Physicians in a recent study described the case of a woman who developed hemophagocytic lymphohistiocytosis (HLH) while receiving treatment for glioblastoma, an aggressive type of brain cancer, most likely triggered by an Epstein-Barr virus infection and the cancer treatment.

The case was reported in the study, “Hemophagocytic lymphohistiocytosis in a patient with glioblastoma: a case report,” published in the journal CNS Oncology, and draws attention to the perils of adult-onset HLH secondary to other conditions.

HLH is a rare, life-threatening condition caused by an overactive immune system. In adults, the disease is usually considered secondary, as it develops as a consequence of an underlying infection, autoimmune or metabolic disorder, or cancer.

Researchers at the University of North Carolina at Chapel Hill described the case of a middle-aged woman who developed HLH while receiving treatment for glioblastoma.

The 55-year-old woman arrived at the hospital complaining of weakness on the right side of her body, and speech difficulties. Imaging exams and a biopsy revealed a lesion on the left side of her brain, which was then identified as a tumor (glioblastoma).

Despite standard treatment with chemotherapy and radiotherapy, her cancer continued to progress, and she was started on bevacizumab and temozolomide as second-line treatment.

After her cancer was diagnosed, she developed persistent and severe lymphocytopenia, a medical condition characterized by having low levels of lymphocytes (infection-fighting immune cells) in the blood.

She was later readmitted with worsening shortness of breath, confusion, low blood pressure, abnormally high heart rate, and low levels of oxygen in the blood (hypoxemia).

Lab tests at the time revealed increased levels of liver enzymes, suggestive of inflammation and liver damage, and worsening pancytopenia (low counts of red blood cells, white blood cells, and platelets). Ultrasound and magnetic resonance imaging confirmed the presence of liver lesions, and revealed that she had an abnormally large spleen (splenomegaly).
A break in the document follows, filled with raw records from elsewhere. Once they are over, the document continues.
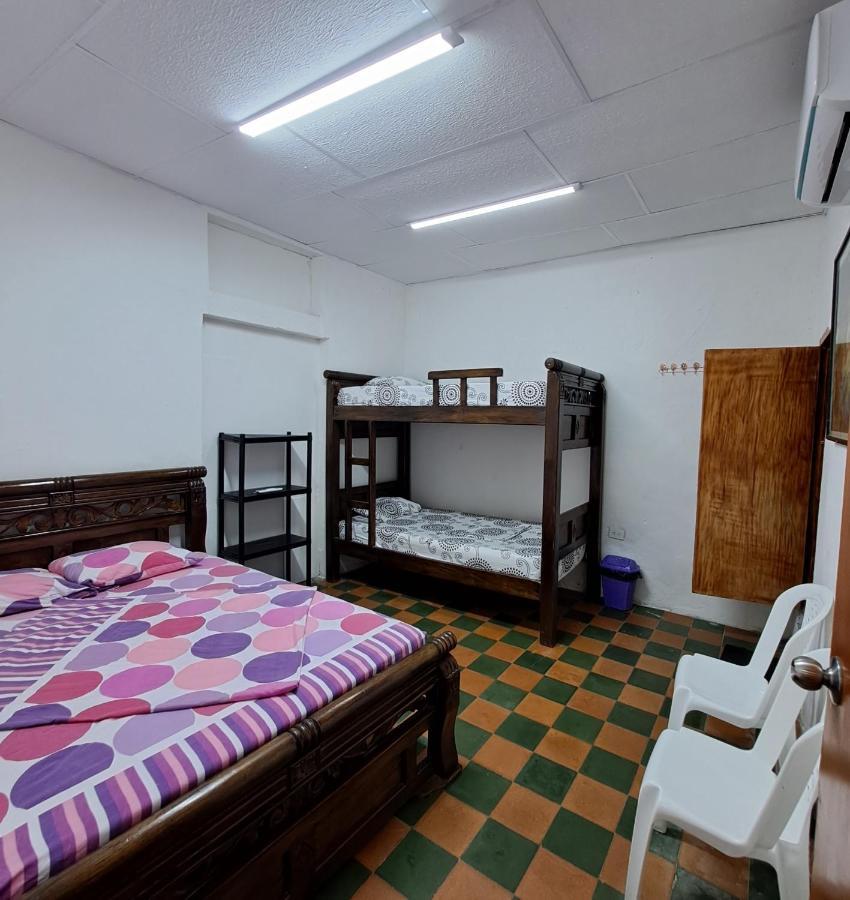 Hostal Casa Lara Cartagena Ngoại thất bức ảnh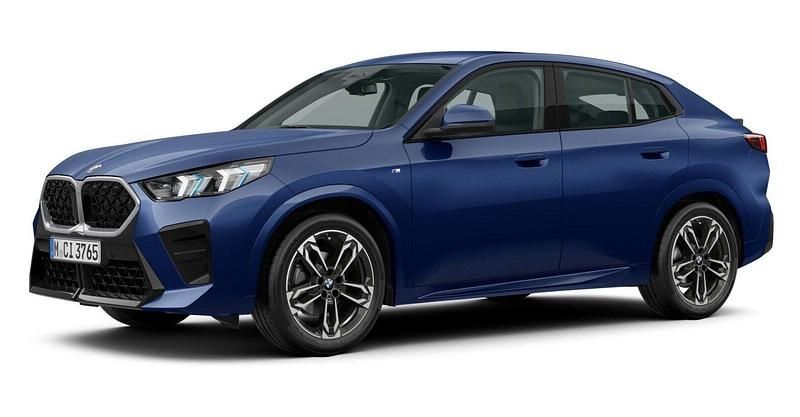 Blau Gebraucht 2024 BMW X2 Luxury Line SUV | 48.280 € (Etwas zu teuer) - Bild 1/4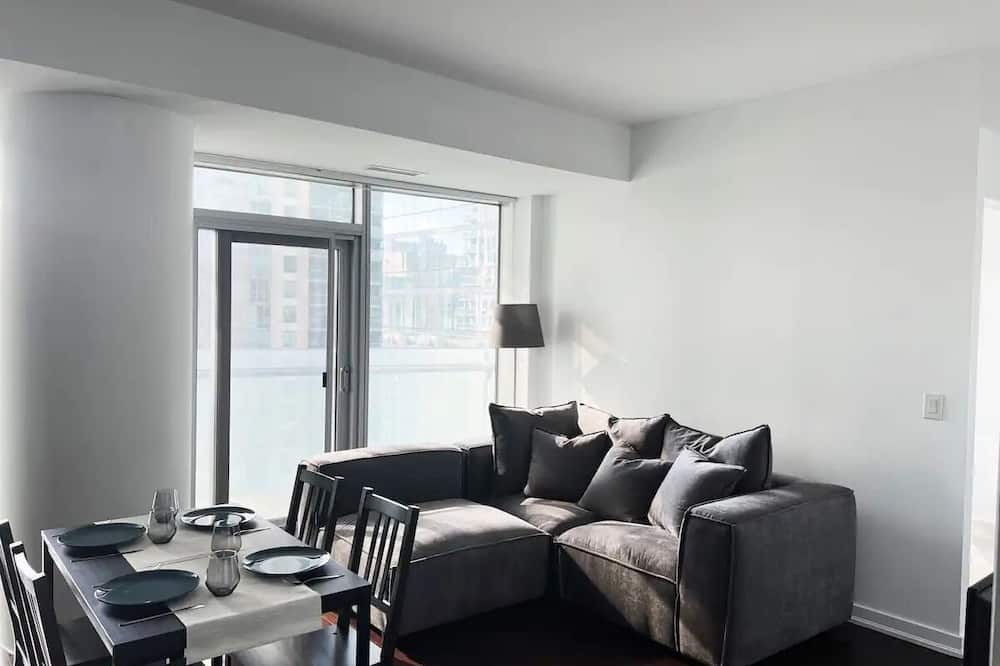 Photo of Livingroom in Financial District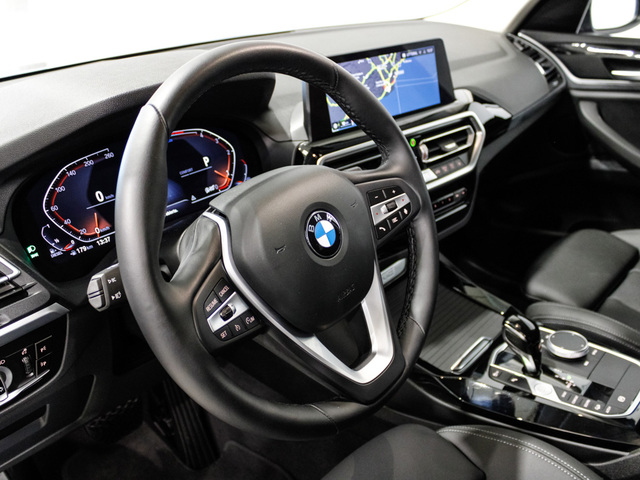 BMW X3 xDrive20d color Negro. Año 2023. 140KW(190CV). Diésel. En concesionario Barcelona Premium -- GRAN VIA de Barcelona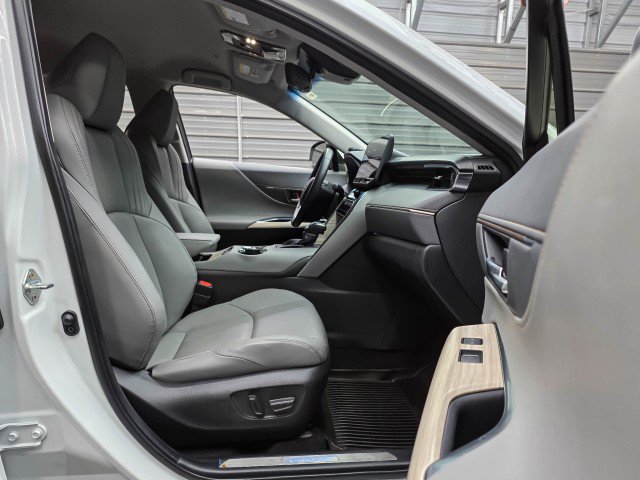 Used 2024 Toyota Venza Limited AWD/4WD image 14
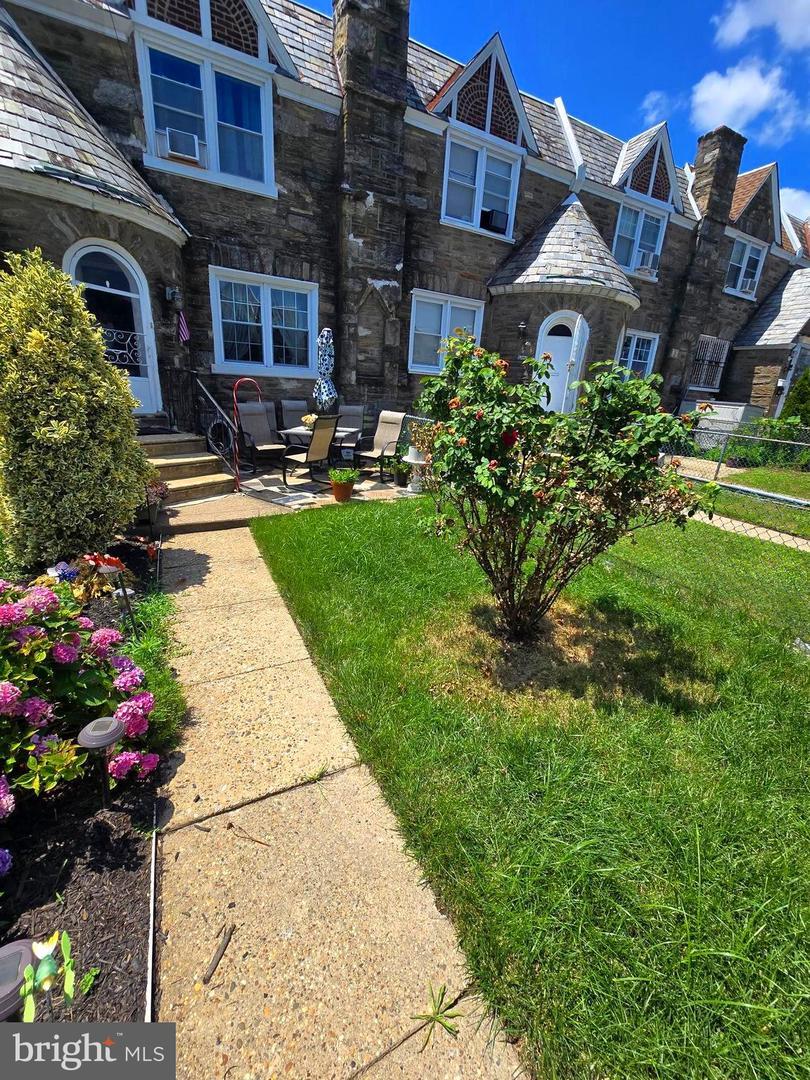 Property Photo:  1216 Knorr Street  PA 19111 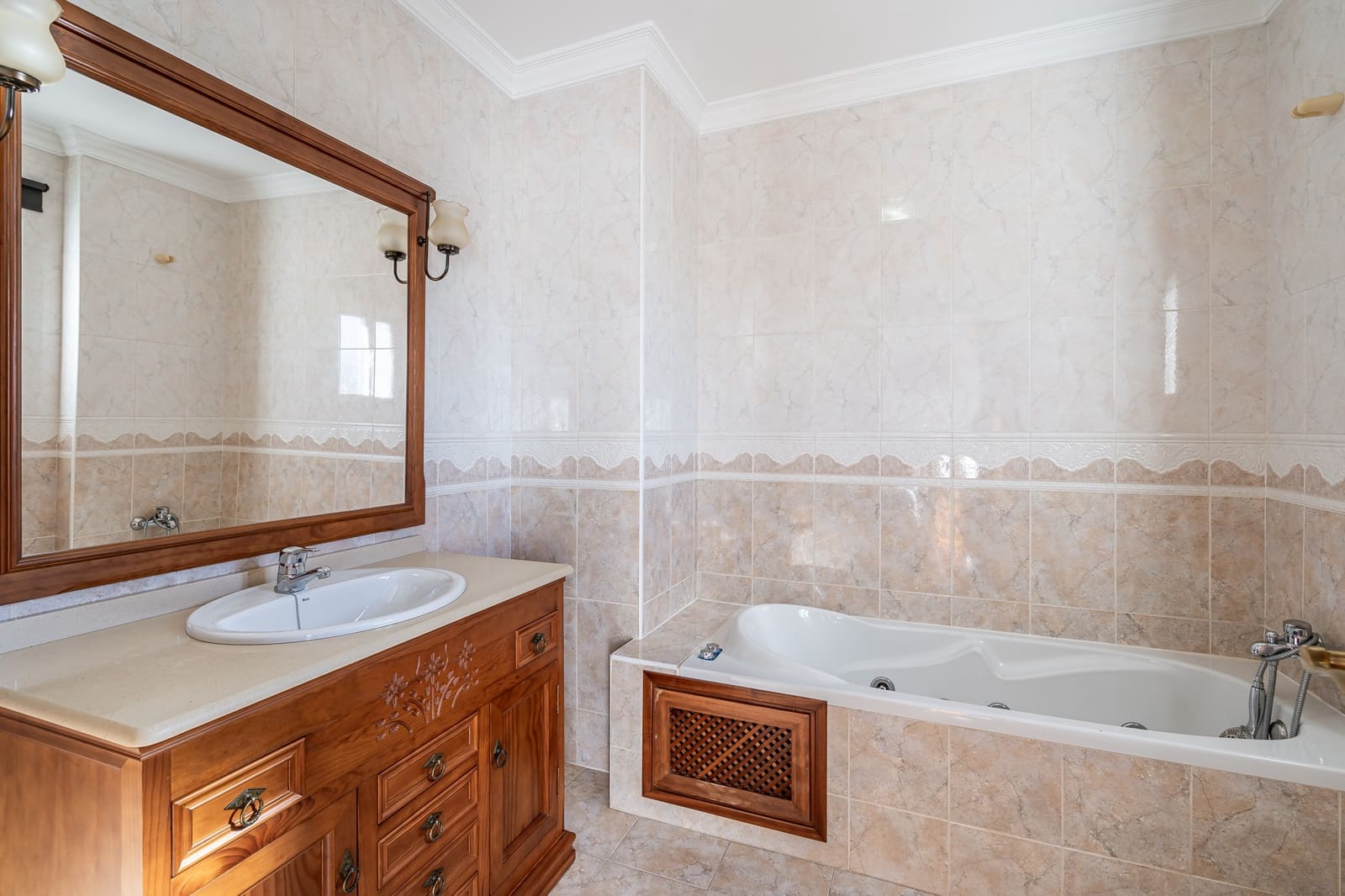 3 makuuhuone Omakotitalo myytävänä paikassa Estepona mukana 
autotalli - 575 000 € (Ref: 8809408)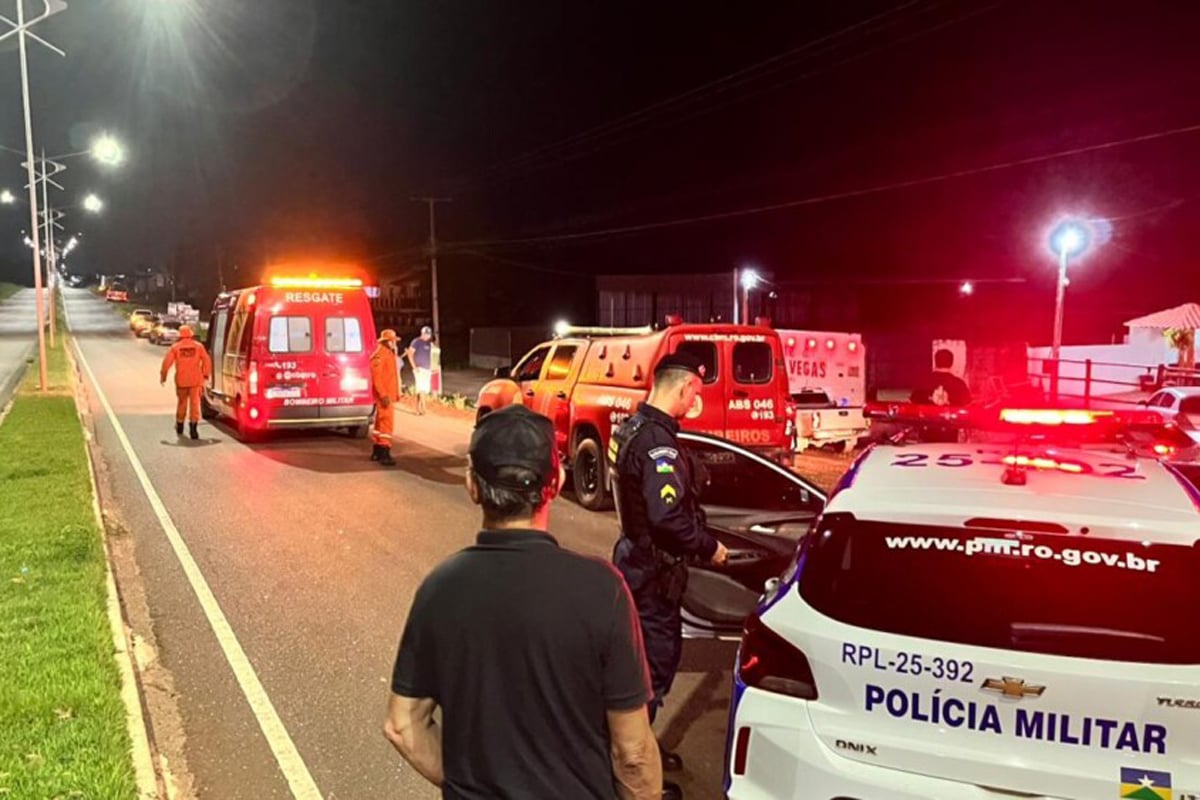 Colisão entre carreta e motocicleta deixa policial penal em estado grave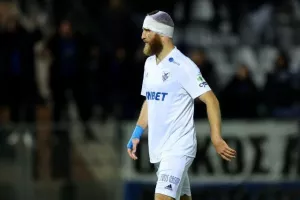 Δόξα - Ανόρθωση: "Άσφαιρος"... συμβιβασμός (Φώτος)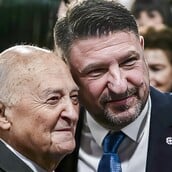 ΧΑΡΔΑΛΙΑΣ ΠΕΘΑΝΕ ΠΑΤΕΡΑΣ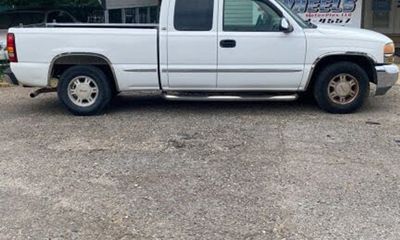 2002 GMC Sierra C1500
Further tests found that she had an infection caused by the Epstein-Barr virus (EBV), the virus responsible for mononucleosis.

Given her abrupt clinical decline, liver malfunction, pancytopenia, and blood-clotting deficiency (hypofibrinogenemia), doctors suspected that she had HLH and conducted further exams to confirm the diagnosis.

Tests revealed that she had high blood levels of ferritin (27,100 ng/ml; hyperferritinemia), triglycerides (940 mg/dl), and soluble IL-2 receptor, also known as CD25, a diagnostic marker of HLH.

Because she met six of the eight diagnostic criteria of HLH — including fever, splenomegaly, pancytopenia, hyperferritinemia, hypofibrinogenemia, and high levels of soluble IL-2 receptor — physicians decided to start treating her for HLH.

Of note, although hemophagocytosis (the destruction of blood cells by macrophages, a type of immune cell) is a diagnostic criteria for HLH, its absence does not necessarily rule out HLH.

The patient was then started on an immunosuppressive treatment regimen with methylprednisolone and intravenous immunoglobulins.

However, treatment had little to no effect. She required multiple transfusions of blood, platelets, and plasma proteins to treat disseminated intravascular coagulation, a condition in which blood starts to clot and clog small blood vessels throughout the body.

She was then given rituximab, an immunotherapy reported to be effective for EBV-associated HLH, followed by anakinra, a medication that reduces the actions of chemicals in the body involved in inflammatory and immune responses.

According to the team, this treatment led to a “notable response,” improving the patient’s blood parameters, and reducing the frequency of blood transfusions. Despite these improvements, however, the patient continued to deteriorate, and she developed extensive multiorgan failure, and eventually died.

“We suspect that the likely trigger for HLH in our patient was reactivation of EBV in the setting of immunosuppression in conjunction with temozolomide therapy in the setting of her [glioblastoma],” the researchers wrote.

Temozolomide may place patients at an increased risk of having opportunistic infections, because the medication may lower their immune cell counts.

“Secondary HLH has a high mortality rate and prompt initiation of therapies and multidisciplinary discussion with oncologists, hematologists, and infectious disease specialists is highly encouraged,” the researchers said.

They also noted that patients are often critically ill by the time they show the first signs of HLH, so a “high index of suspicion is needed for making the diagnosis.”